ACTIVITY: In the records below, repeat exactly the lines between the line holding "ferienwohnung-mit-kche-groem-garten-und-terasse.com-bavaria.com/" and the line holding "Maison à LA VERPILLIERE", inclusive, and drop the pictures.
──────────────────────────────
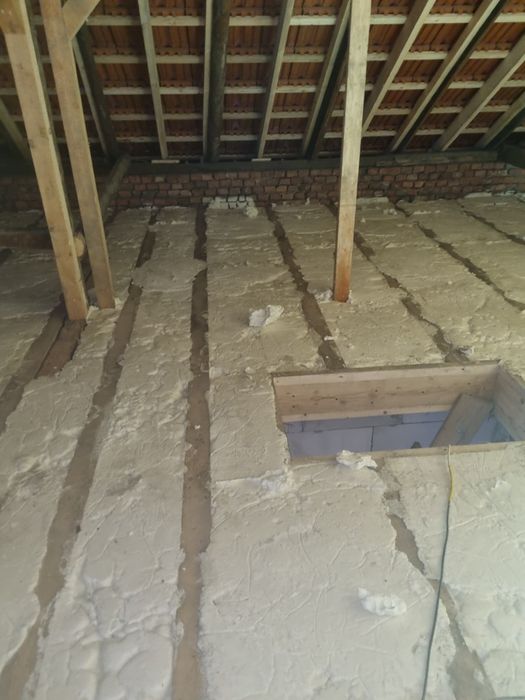 Izolatii spuma poliuretanica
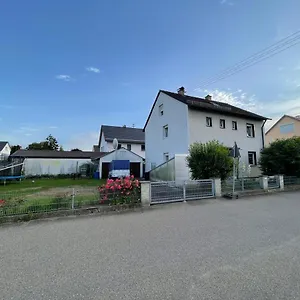 ferienwohnung-mit-kche-groem-garten-und-terasse.com-bavaria.com/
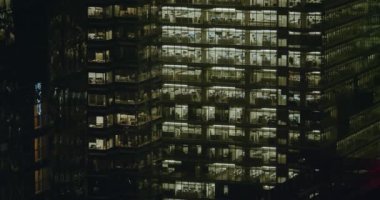 4K Dış çekim gece finans bölgesinde modern bir ofis binası kurulumu.
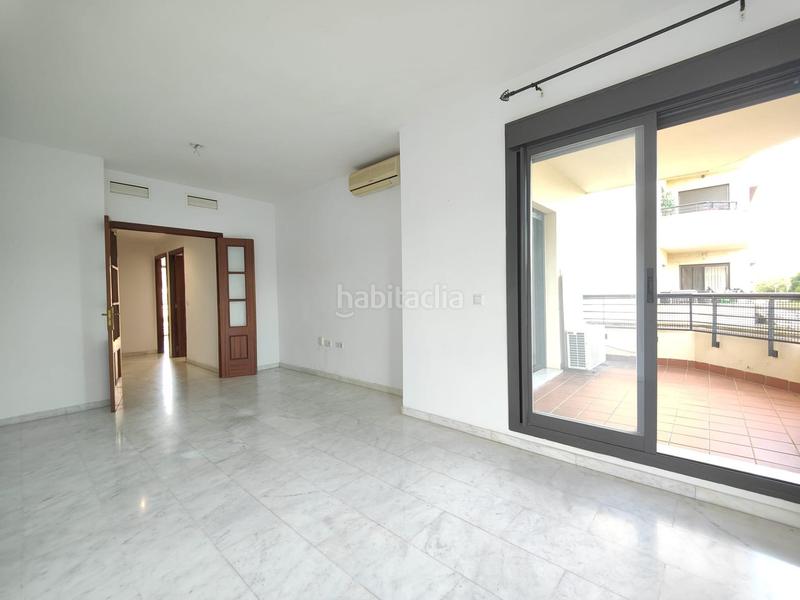 Foto 1696d0c2-9d25-4817-95db-75bcde6cd51b. Flat with parking pool in Casco Antiguo Mairena del Aljarafe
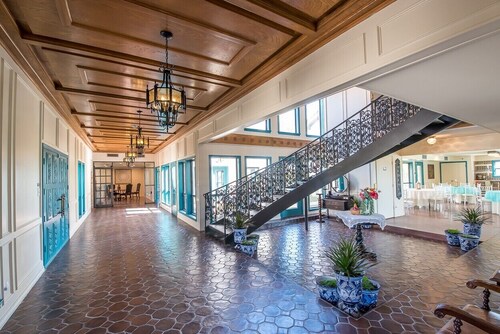 Spanish Style Mansion in NE Tx - Reunions, Group/Corp Retreats, Couples Weekend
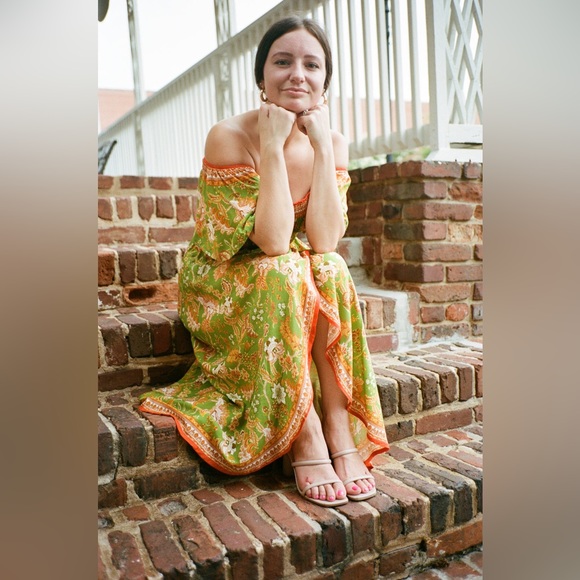 Off Shoulder Tropical Print Floral Smocked Maxi Dress - Picture 2 of 8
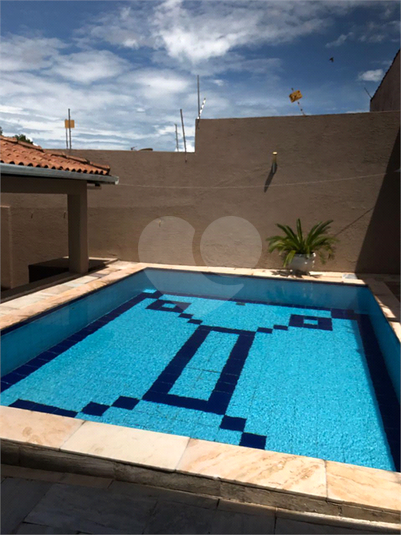 Foto REO1099136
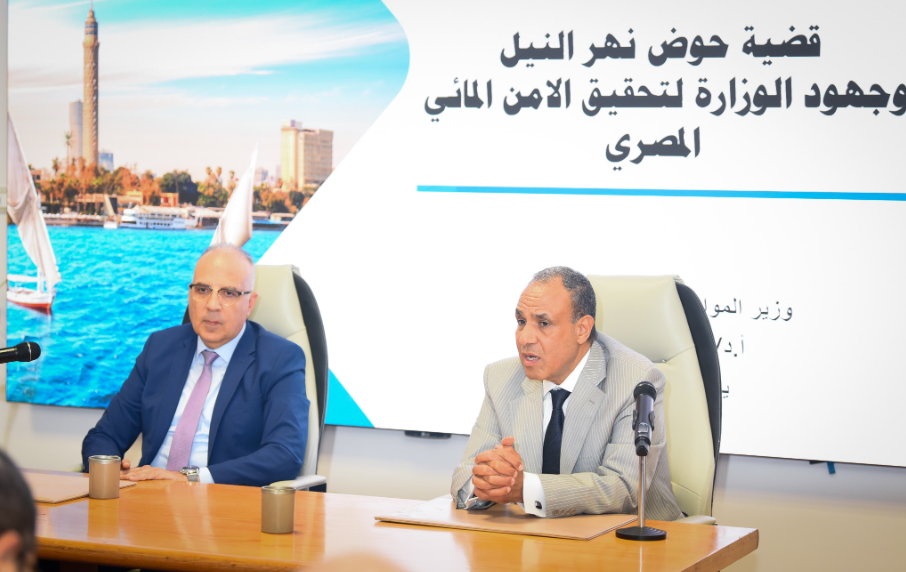 الدكتور بدر عبد العاطي يستقبل الدكتور هاني سويلم
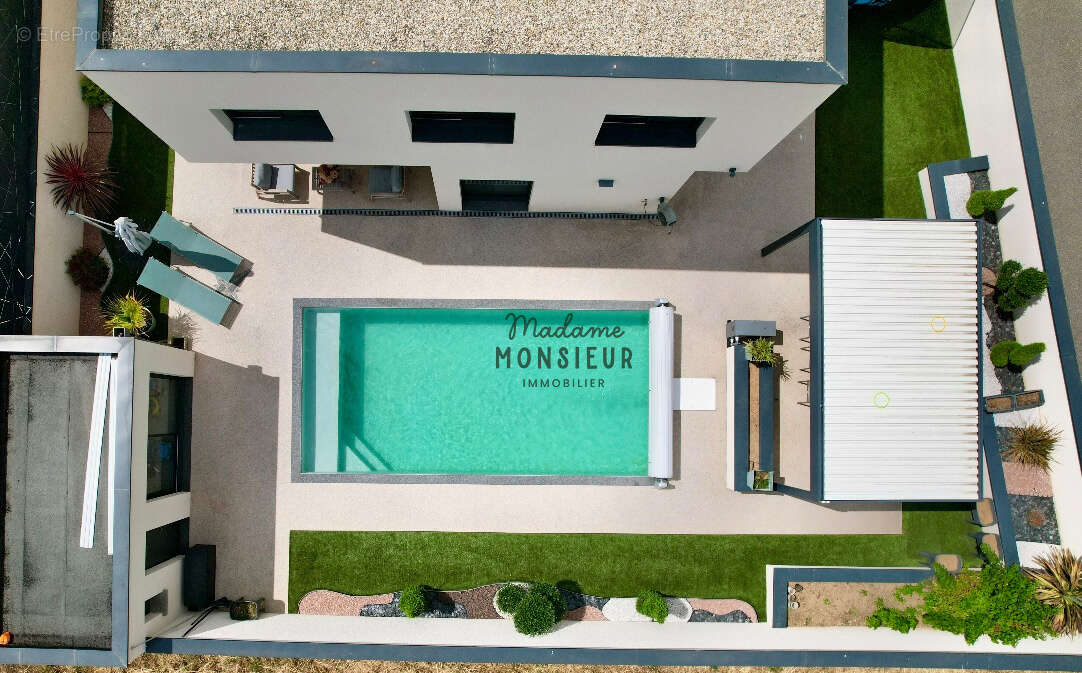 Maison à LA VERPILLIERE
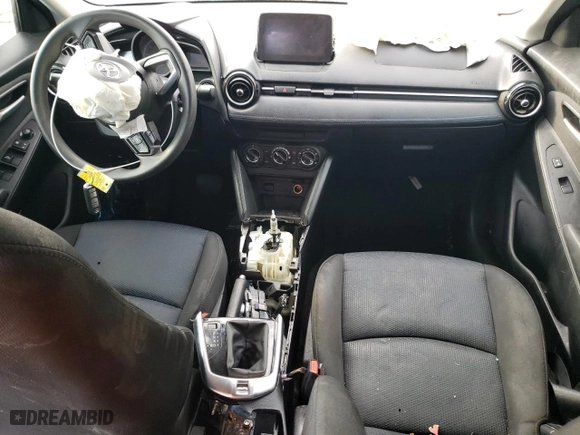 2019 Toyota Yaris Sedan L with VIN 3MYDLBYVXKY508510, listed as a Copart auction lot 63175614 with 71,176 mi miles and Salvage Title. Bid and sale history available at carsss.com. Image 8.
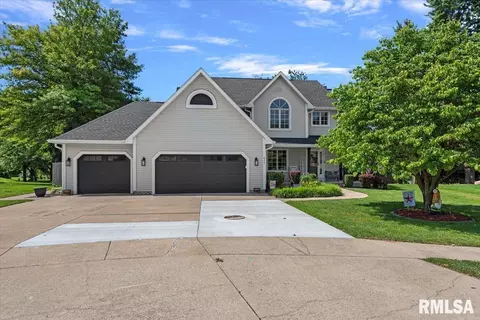 820 E Spruce St, Chatham, IL 62629 photo 5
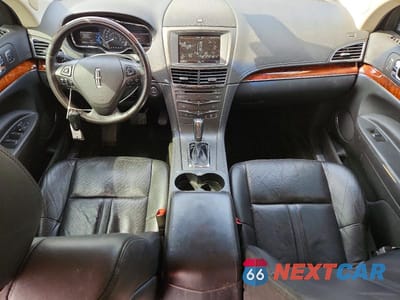 Zdjęcie 8 z 13 samochodu: 2015 LINCOLN MKT VIN:2LMHJ5AT1FBL03642 - miniatura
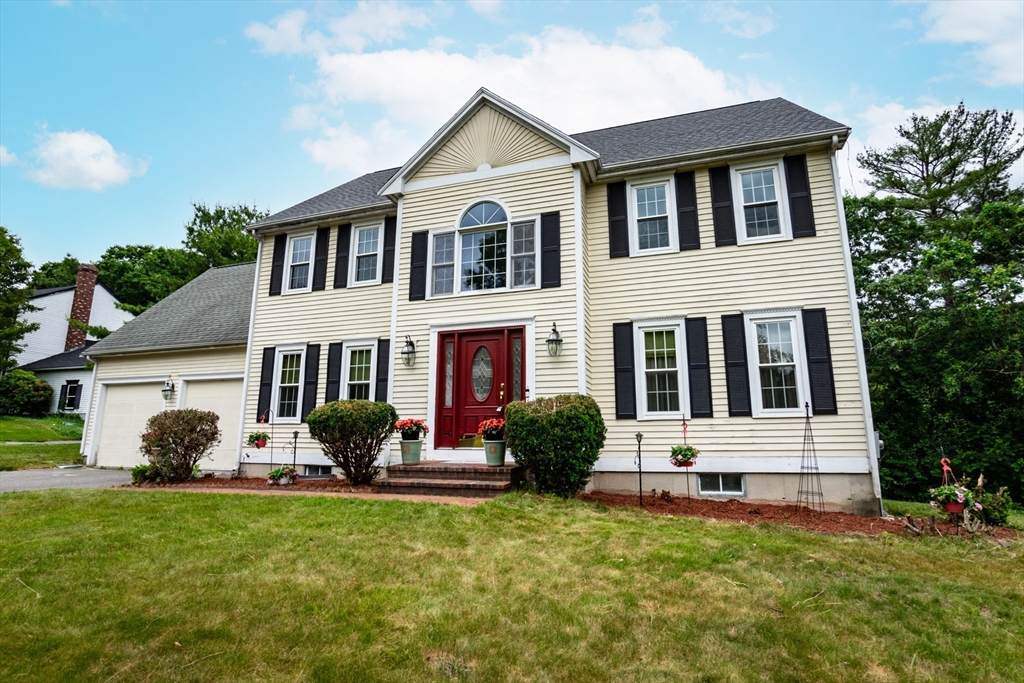 8 Sheehan Way - Photo 1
──────────────────────────────
RESULT BELOW:
 ferienwohnung-mit-kche-groem-garten-und-terasse.com-bavaria.com/
 4K Dış çekim gece finans bölgesinde modern bir ofis binası kurulumu.
 Foto 1696d0c2-9d25-4817-95db-75bcde6cd51b. Flat with parking pool in Casco Antiguo Mairena del Aljarafe
 Spanish Style Mansion in NE Tx - Reunions, Group/Corp Retreats, Couples Weekend
 Off Shoulder Tropical Print Floral Smocked Maxi Dress - Picture 2 of 8
 Foto REO1099136
 الدكتور بدر عبد العاطي يستقبل الدكتور هاني سويلم
 Maison à LA VERPILLIERE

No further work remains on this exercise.